[[ DATASET EXCERPT, beginning ]]

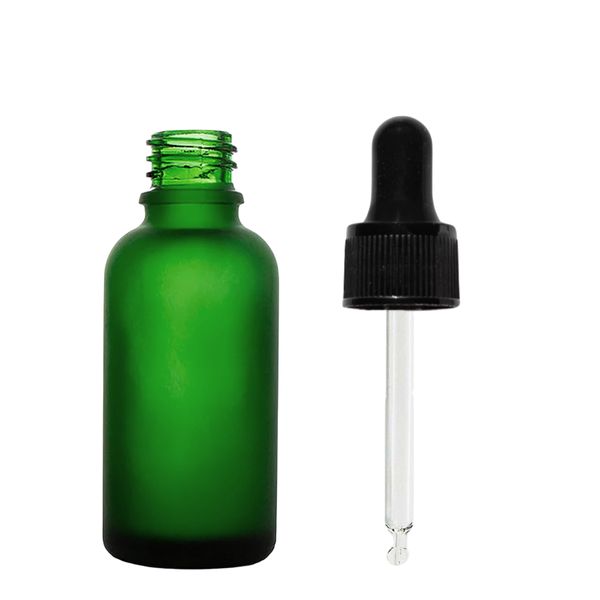 30ml matně zelená skleněná lahvička s černou pipetou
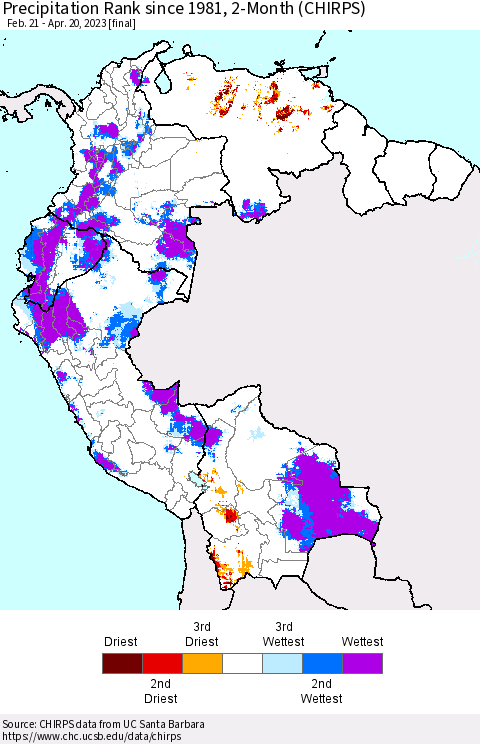 Northern South America Precipitation Rank since 1981, 2-Month (CHIRPS) Thematic Map For 2/21/2023 - 4/20/2023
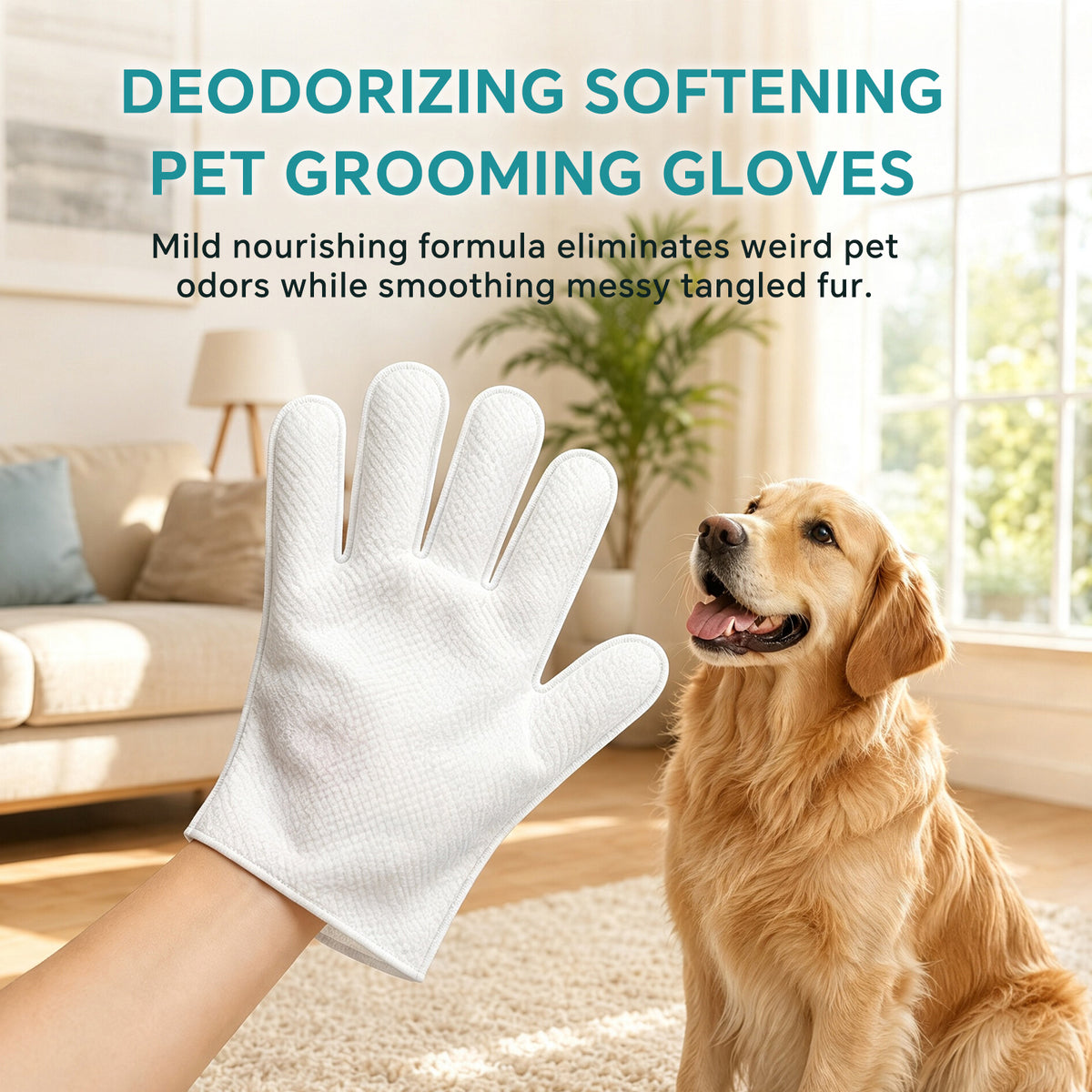 Rinse Free Dog Shampoo Mitts, Pet Glove Wipes for Dogs & Cats, Portable Pet Bathing Gloves, Rinse Free Shampoo Mittens for Paws and Body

[[ DATASET EXCERPT, end ]]

EXERCISE REQUIREMENTS: From the material above, reproduce everything verbatim except the pictures.

SOLUTION FOR THIS EXERCISE:
 30ml matně zelená skleněná lahvička s černou pipetou
 Northern South America Precipitation Rank since 1981, 2-Month (CHIRPS) Thematic Map For 2/21/2023 - 4/20/2023
 Rinse Free Dog Shampoo Mitts, Pet Glove Wipes for Dogs & Cats, Portable Pet Bathing Gloves, Rinse Free Shampoo Mittens for Paws and Body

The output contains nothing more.